I've spent a lot of time in the last few weeks running activities for children and helping them - which I love. And I enjoy chatting with children in more informal situations. But there have also been lots of times having lunch or coffee when I've been the only woman without children in a group of 5 or 6 or more women with their children, and most of them had two children present. I've tried chatting to both the mums and the children, and they have been friendly. I've tried being helpful, getting them things, ignoring children sulking or getting annoyed while their mums deal with the situation - trying to avoid making potentially unhelpful comments. Don't get me wrong - these are kind, friendly, helpful people who have welcomed me, not asked whether I have children etc. But I just feel profoundly like a misfit. And awkward, infantilised, disempowered. I don't belong in that group and I may never belong in that group and it really hurts. I try not to avoid situations because I find them difficult, but I think I've met my match here. And yet my future work is likely to mean I will keep needing to be in these kind of situations. We still have hope, we can still try more treatment. I dread to think what this feels like for people who can't have treatment or their circumstances mean it's just not possible, or who have finished treatment. Can anyone relate? Does anyone have any thoughts? What can we do to make the world a more positive and supportive place for people like us, while also supporting parents and children in the stresses of family life?


----------



## magicpillow (Feb 8, 2015)

Bobo I feel like this so much so you are not alone.  It's the thing I find the most difficult about the whole journey these days.  Most of my friends' children are now older primary age with some who had them late so have babies and toddlers.  I'm the only one who has had problems conceiving and people just don't understand. 
These days I avoid most social events as I just can't cope with them anymore.  I stand there like a lemon whilst everyone talks endlessly about their children, tends to them, plays with them etc and I just feel like there is this whole world of parenthood that I am excluded from.  I have no idea how to manage the rest of my life if we don't have a child, dealing with having to sit through conversations which I have nothing to contribute to and being surrounded all the time by families, everywhere we go. 
I get asked constantly if I've got kids which also makes me feel really inadequate and again, like I'm not normal and don't fit in.  I feel awkward too bobo.  I feel like I really stand out for being different as I don't have kids and therefore can't relate and 'dont know what it's like'.  It's so hard isn't it lovely xxx


----------



## bobo66 (May 1, 2012)

Oh magicpillow - I'm sorry it's so hard and I'm sorry you're having to deal with it. But I'm glad that means we're not the only ones. I hope it gets easier as people's children grow up, though I guess that makes it all more unpredictable cos you might think it's all fine and then a long conversation might start about teenagers or grown up children and their work...and grandchildren, and then it all starts again! 
I was chatting with my husband about this and he says that while he sometimes feels left out at work as the only partnered man without children, it's not like what I'm talking about.

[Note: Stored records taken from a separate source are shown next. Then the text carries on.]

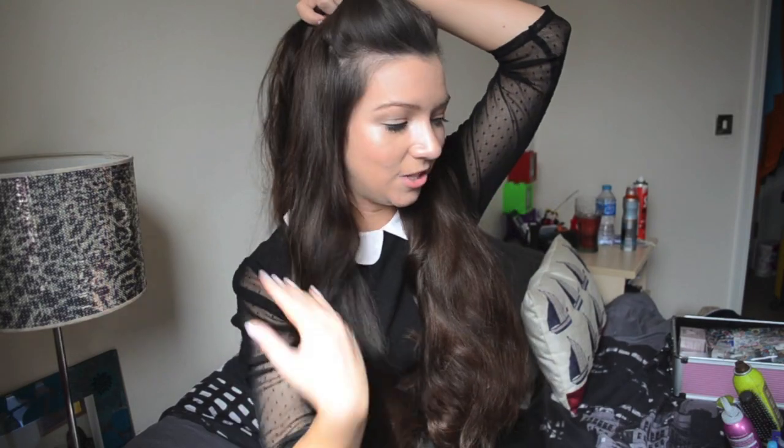I'm going to be using some tongs — I'll show you them in a minute. I'm just going to section off my hair because I've got quite a lot and it's better to do it bit by bit. I'm going to be using my Enrapture Totem Styler. It's from the same company that make my heated rollers. I don't really give this hair curler a lot of love because my favourites are the rollers, but I took this on holiday last year because it was easier to pack, and I really liked the look it gave my hair.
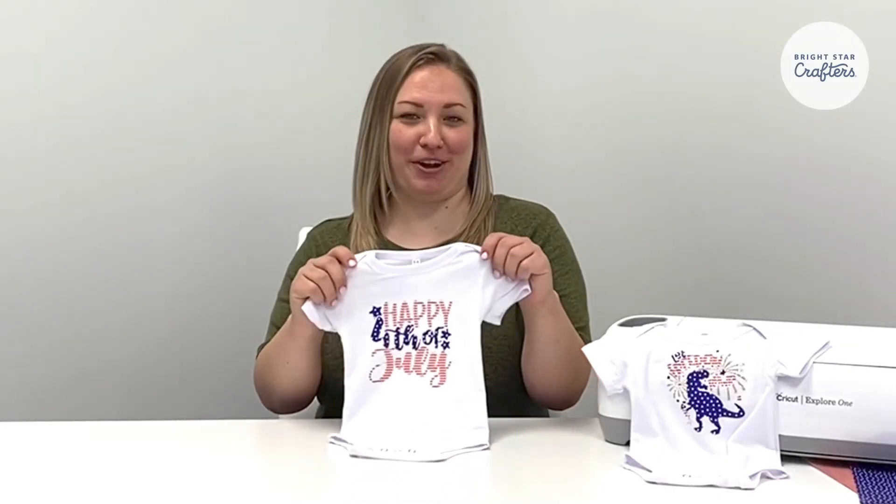Here's our final product. Thank you so much for joining us at Bryce Art Crafters. I hope you have a great 4th of July.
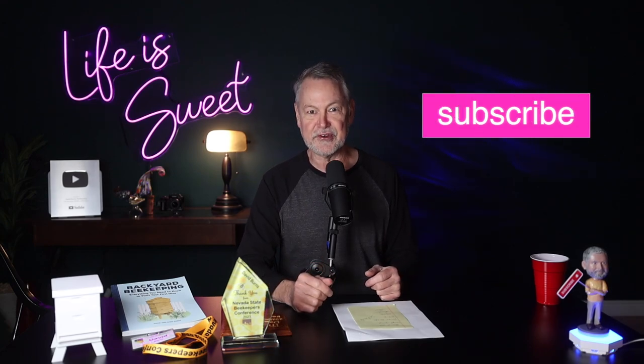I have a lot more to say about the flow hive, don't go anywhere. Would you please subscribe? I love it when you subscribe and give me a thumbs up — it means so much. Let's get back to the flow hive.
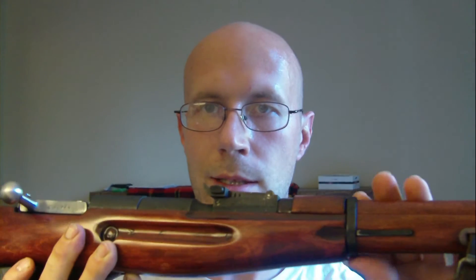Now there are some — you'd be very lucky to get one of the original M38 stocks, and they're very hard to find. I've been looking for one because I'd really like to replace this one. But until I find it, this is good — I like it.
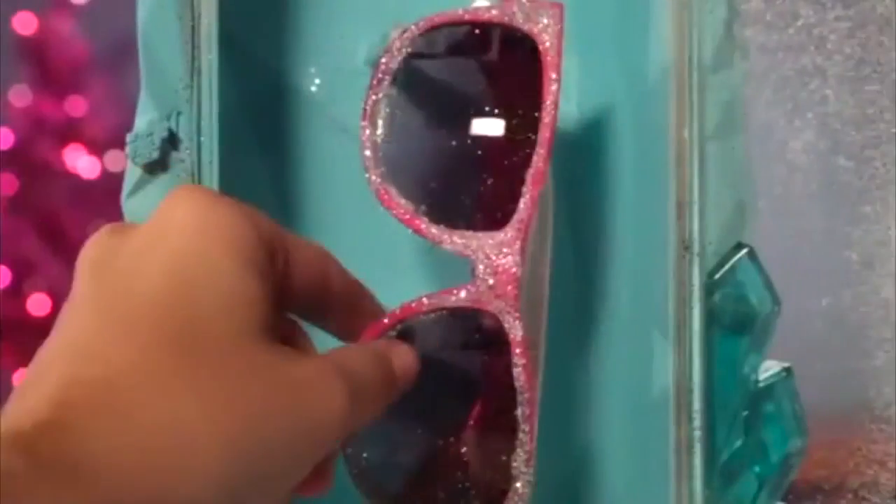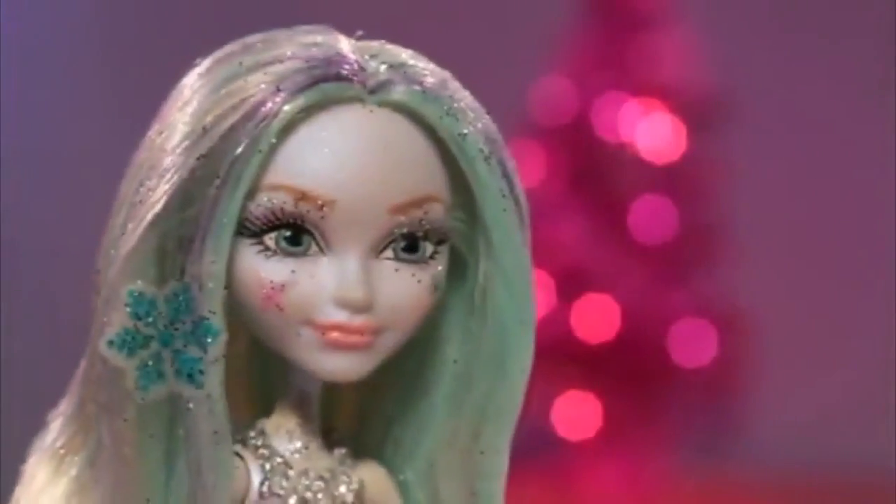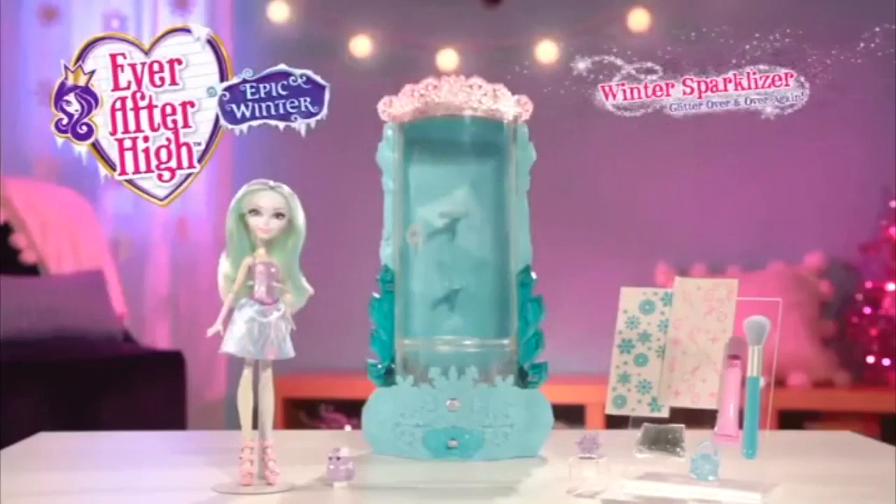Sparkalize pets, accessories, anything over and over again with the Ever After High Epic Winter Sparkalizer.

I guess there is an intensity to mothering and to the strong supportive friendships between mothers which keep them going but therefore exclude us, and become something which we really desire to be a part of. 
I'm currently a mature student changing careers (I think you may be too) and there is something weird about how I'm seen because of that - it's a male dominated area and the intensity of the course so far means I've been temporarily and partially excused from expectations about whether we might start a family soon, but now the intense part is over but I'm still left with the infantilised feeling of being a student (and not a mother) despite now having a lot of complementary qualifications, experience and expertise and having given up a well paid responsible  job. It makes me scared that if I do become a mother, I'd just join that 'club' and perpetuate the exclusion.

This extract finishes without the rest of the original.